## WHAT IS NEEDED:
Using the material below, repeat exactly the lines from the one with "Petite Branche de" through the one with "Purilite Select –", ends included, without any images.

## THE INPUT:
%%
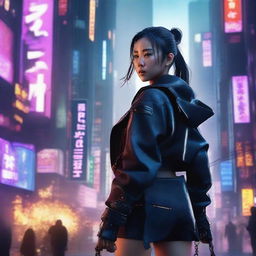 Construct a hyper-realistic, 4K image of a pretty, young Korean girl, immersed in a cyberpunk environment, fighting like a seasoned samurai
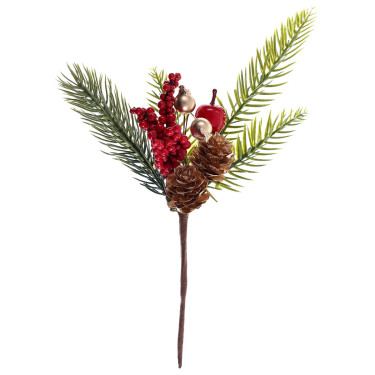 Petite Branche de Noël Pomme de Pin et Baies Rouges - 24 cm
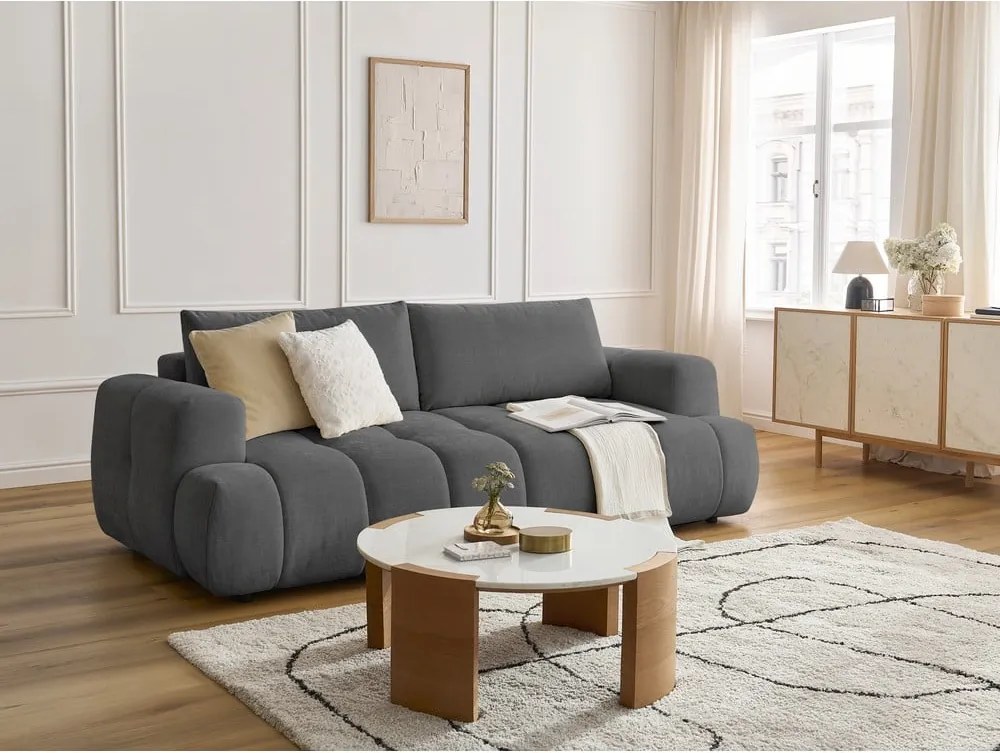 Divano grigio scuro allungabile e con contenitore 251 cm Fuji – Bobochic Paris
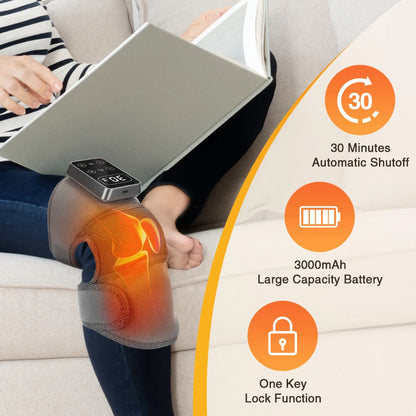 Purilite Select – Smart Electric Knee Pad Massager | 3 Vibration Modes + 5 Heat Levels, Cordless Thermal Brace for Knee & Leg Support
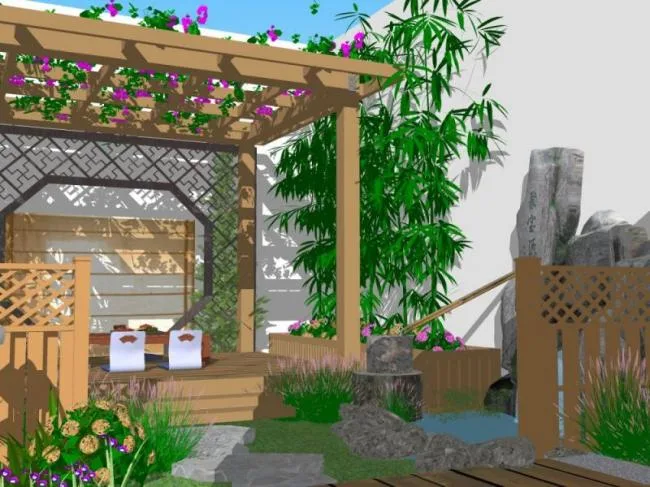Sketchup Landscape Model | Courtyard Landscape, Modern Style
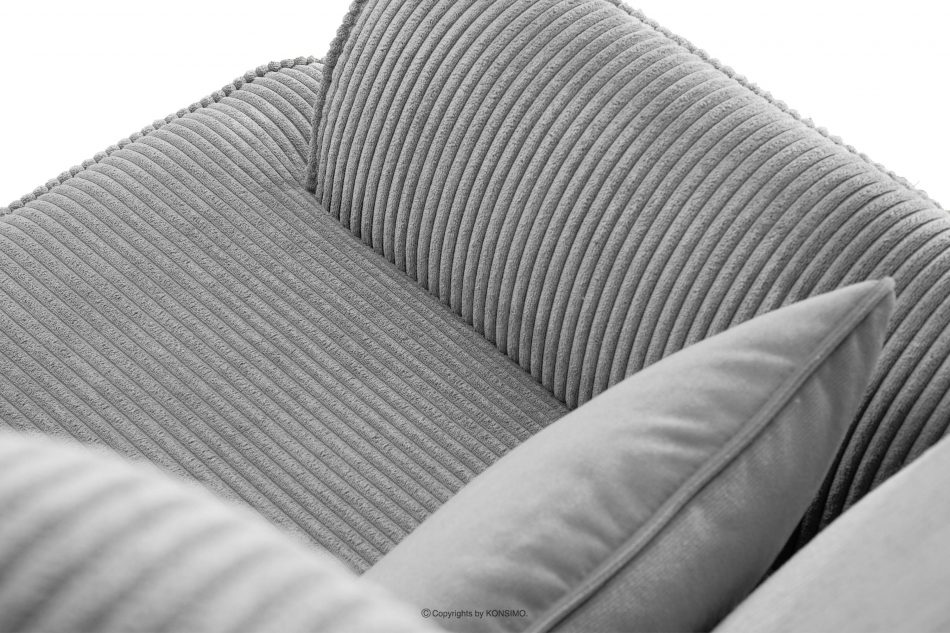 STRALIS Fotel uszak w tkaninie sztruks z poduszką welur siwy siwy - zdjęcie 5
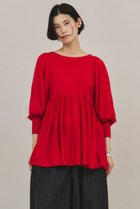 【カレンソロジー/Curensology】のギャザーニットプルオーバー 人気、トレンドファッション・服の通販 founy(ファニー) ファッション Fashion レディースファッション Fashion for Women トップス・カットソー Cut & Sew Tops ニット Knit Tops & Sweaters カジュアルプルオーバー・ニットトップス Pullovers & Knit Tops / Casual Pullovers ギャザー Gathered, Ruffled ワイド Wide, Wide Fit 再入荷 Restock / Back in Stock thumbnail レッド|ID: prp329100004822874 ipo3291000000035066801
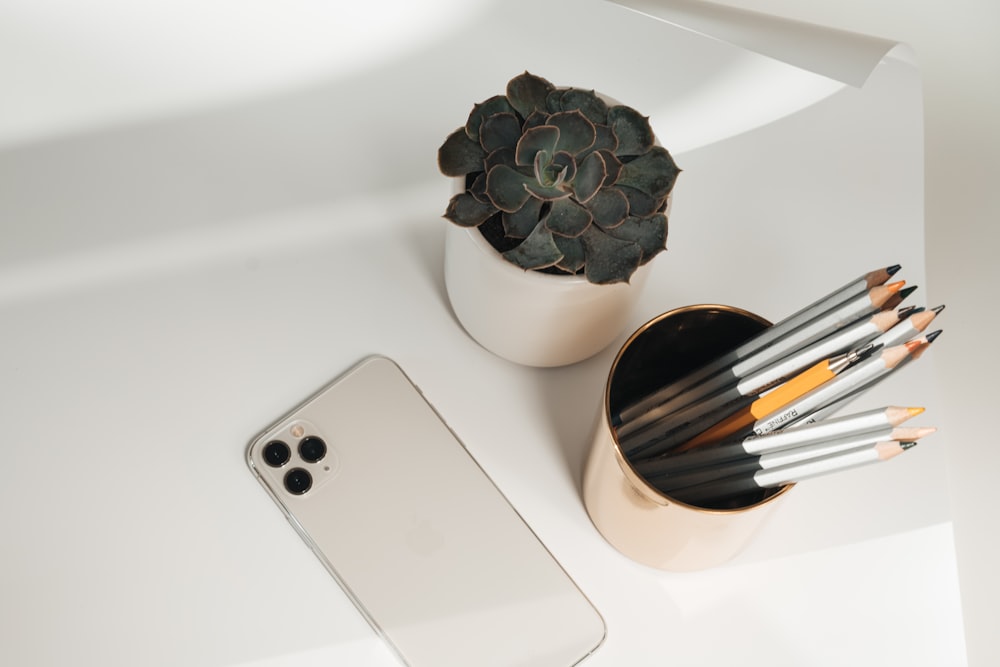 白いセラミックの花瓶の横にあるスペースグレイのiPhone 6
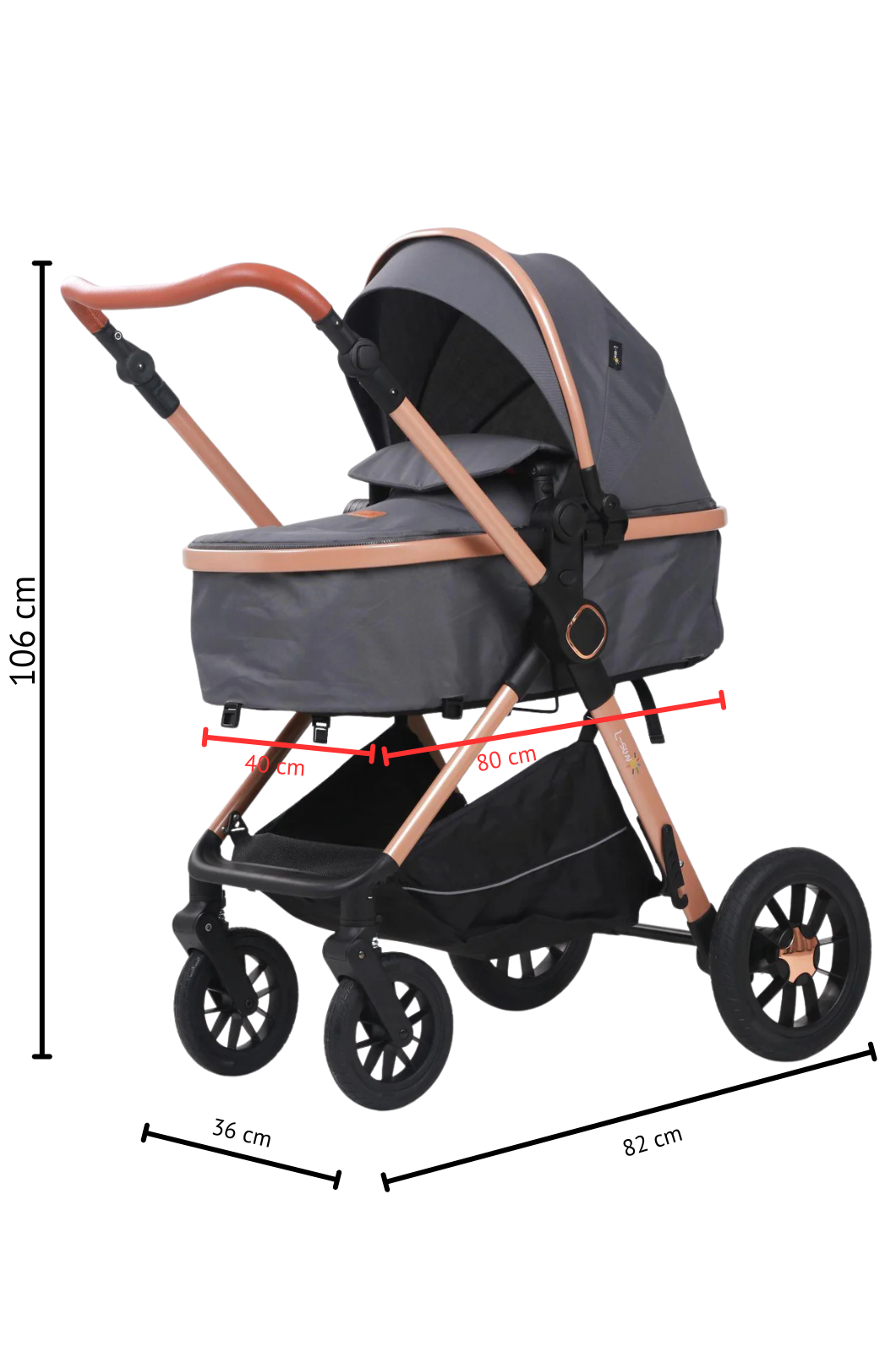 Carucior L-Sun Marina 3 in 1 GRI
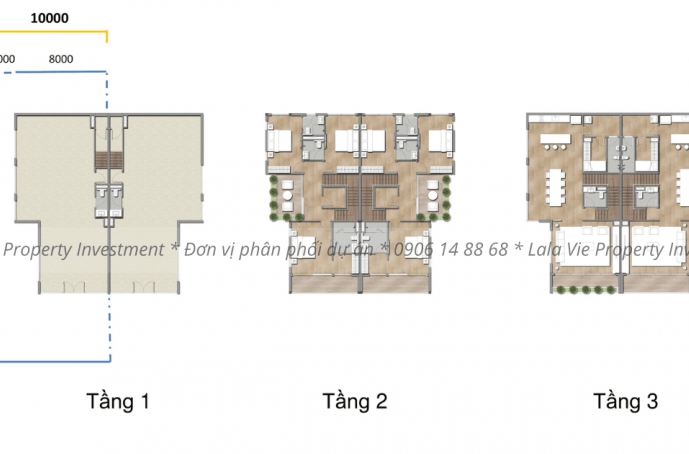 Layout Shopvilla song lập tại dự án Sun Cosmo Residence Da Nang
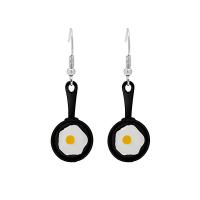 Zinc Alloy Drop Earrings Fried Egg fashion jewelry & for woman & enamel nickel lead & cadmium free Sold By Pair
%%
## YOUR RESPONSE:
 Petite Branche de Noël Pomme de Pin et Baies Rouges - 24 cm
 Divano grigio scuro allungabile e con contenitore 251 cm Fuji – Bobochic Paris
 Purilite Select – Smart Electric Knee Pad Massager | 3 Vibration Modes + 5 Heat Levels, Cordless Thermal Brace for Knee & Leg Support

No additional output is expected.